┌──

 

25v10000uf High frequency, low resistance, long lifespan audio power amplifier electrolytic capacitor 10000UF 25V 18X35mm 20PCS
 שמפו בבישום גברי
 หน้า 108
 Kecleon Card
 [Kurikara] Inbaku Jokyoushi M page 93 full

└──
┌──

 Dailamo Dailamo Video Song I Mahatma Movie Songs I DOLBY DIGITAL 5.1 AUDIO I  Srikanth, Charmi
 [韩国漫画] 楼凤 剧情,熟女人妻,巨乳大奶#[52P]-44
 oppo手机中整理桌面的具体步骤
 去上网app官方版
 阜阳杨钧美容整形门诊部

└──

REQUIRED WORK – Among the records above, extract exactly the lines from the line with "25v10000uf High frequency, low" to the line with "[Kurikara] Inbaku Jokyoushi M page 93 full", both lines included, and leave out the rest.

YOUR RESPONSE –
25v10000uf High frequency, low resistance, long lifespan audio power amplifier electrolytic capacitor 10000UF 25V 18X35mm 20PCS
 שמפו בבישום גברי
 หน้า 108
 Kecleon Card
 [Kurikara] Inbaku Jokyoushi M page 93 full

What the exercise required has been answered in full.